Images: ©2005 Stuart Leech - www.music-photos.co.uk
by Armchair Anarchist
Brighton’s The Kooks look like extras from Grange Hill – the Tucker years, but to be fair so do a good percentage of the audience. They launch enthusiastically into a bright and poppy set of mod-ish tunes, bouncing around the stage with energy and conviction. Their music fits the look nicely - new-wave with hints of post-mod, ska and reggae. There’s plenty of space in the off-beat guitar chops and they’re easy on the overdrive. The delivery is accomplished and they have great stage presence but suffer from drawing on too many similar influences. They sound so ‘current’ that they’ll be out of date by the time they ‘make it’. But anyone who likes Jo Whiley’s playlists will find something to enjoy here. It’s very contemporary guitar-pop, but they’re never going to leave venues burnt to the ground. Headliners The Subways, however, have that elusive magic that encourages obsessive fandom. They erupt onto the stage like a raucous guitar-music melting-pot. Like many of the best rock acts of the last few decades their appeal is based on that ‘hey, I could do that’ sound. They will inspire a thousand new college bands in the next year or so. Simple, catchy riffs dominate, drawing on punk and grunge and everything in between. They make a huge driving racket for a three-piece - and take up enough space with their frantic antics that the stage still seems full. The drummer has a vendetta against the skins of his minimalist kit, bludgeoning them with psychotic aggression. All three members play tight and hard. Everything melts together to produce effortless hooks and choruses. But what seals the deal is their peerless crowd rapport. The audience are clapping to the kick drum half way through the first song, egged on by the singer/guitarist. He has a neat line in leaping and bounding and more than once abandons his instrument to clamber on top of the speaker stacks to exhort the ecstatic crowd.
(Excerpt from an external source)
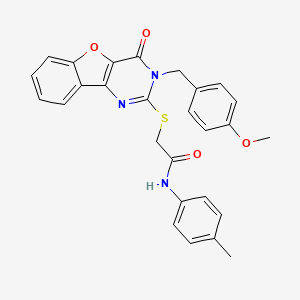 molecular formula C27H23N3O4S B2861341 2-({5-[(4-methoxyphenyl)methyl]-6-oxo-8-oxa-3,5-diazatricyclo[7.4.0.0^{2,7}]trideca-1(9),2(7),3,10,12-pentaen-4-yl}sulfanyl)-N-(4-methylphenyl)acetamide CAS No. 866873-73-6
The encore consists of the forthcoming single (disappointingly Oasis-esque) and the redeeming simplicity of big hit ‘Rock and Roll Queen’. This sees the guitarist crowd surfing, shedding his shirt while the drums and bass hold down the tempo before the climactic meltdown. The crowd are absolutely smitten. Barring foolish direction changes, The Subways are going to devastate audiences for some time to come.